Copy exactly the run of lines that begins at the line with "Dabo Centella Mild" and ends at the final line of the entries.
BEGIN Data supplied
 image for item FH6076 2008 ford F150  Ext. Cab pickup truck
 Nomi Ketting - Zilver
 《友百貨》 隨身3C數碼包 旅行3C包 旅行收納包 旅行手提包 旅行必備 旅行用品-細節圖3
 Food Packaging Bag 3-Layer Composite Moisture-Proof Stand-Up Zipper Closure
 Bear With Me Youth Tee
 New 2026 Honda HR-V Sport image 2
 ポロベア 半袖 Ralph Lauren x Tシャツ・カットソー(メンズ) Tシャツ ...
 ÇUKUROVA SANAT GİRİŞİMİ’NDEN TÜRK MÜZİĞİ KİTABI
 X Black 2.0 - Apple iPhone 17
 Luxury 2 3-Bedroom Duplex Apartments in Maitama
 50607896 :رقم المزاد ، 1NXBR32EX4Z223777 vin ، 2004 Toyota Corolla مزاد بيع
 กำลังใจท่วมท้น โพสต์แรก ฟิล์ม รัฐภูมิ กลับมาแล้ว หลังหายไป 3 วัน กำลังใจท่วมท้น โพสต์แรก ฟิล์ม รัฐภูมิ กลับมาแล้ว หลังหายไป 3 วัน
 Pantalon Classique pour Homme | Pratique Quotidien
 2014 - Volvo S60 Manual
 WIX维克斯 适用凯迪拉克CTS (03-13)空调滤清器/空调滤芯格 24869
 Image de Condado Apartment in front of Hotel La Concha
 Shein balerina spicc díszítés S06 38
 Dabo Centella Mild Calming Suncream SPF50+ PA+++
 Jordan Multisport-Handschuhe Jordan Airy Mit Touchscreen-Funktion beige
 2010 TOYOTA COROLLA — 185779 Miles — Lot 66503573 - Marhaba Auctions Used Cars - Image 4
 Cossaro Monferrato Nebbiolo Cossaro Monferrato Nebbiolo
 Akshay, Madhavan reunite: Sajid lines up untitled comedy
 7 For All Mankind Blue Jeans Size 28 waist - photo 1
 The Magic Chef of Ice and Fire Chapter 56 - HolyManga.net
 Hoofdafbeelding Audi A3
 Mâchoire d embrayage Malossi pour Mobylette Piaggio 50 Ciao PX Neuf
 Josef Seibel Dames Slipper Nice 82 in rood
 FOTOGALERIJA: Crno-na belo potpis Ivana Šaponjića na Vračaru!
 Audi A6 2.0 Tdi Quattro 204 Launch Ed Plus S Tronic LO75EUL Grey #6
END Data supplied
Result of this task:
 Dabo Centella Mild Calming Suncream SPF50+ PA+++
 Jordan Multisport-Handschuhe Jordan Airy Mit Touchscreen-Funktion beige
 2010 TOYOTA COROLLA — 185779 Miles — Lot 66503573 - Marhaba Auctions Used Cars - Image 4
 Cossaro Monferrato Nebbiolo Cossaro Monferrato Nebbiolo
 Akshay, Madhavan reunite: Sajid lines up untitled comedy
 7 For All Mankind Blue Jeans Size 28 waist - photo 1
 The Magic Chef of Ice and Fire Chapter 56 - HolyManga.net
 Hoofdafbeelding Audi A3
 Mâchoire d embrayage Malossi pour Mobylette Piaggio 50 Ciao PX Neuf
 Josef Seibel Dames Slipper Nice 82 in rood
 FOTOGALERIJA: Crno-na belo potpis Ivana Šaponjića na Vračaru!
 Audi A6 2.0 Tdi Quattro 204 Launch Ed Plus S Tronic LO75EUL Grey #6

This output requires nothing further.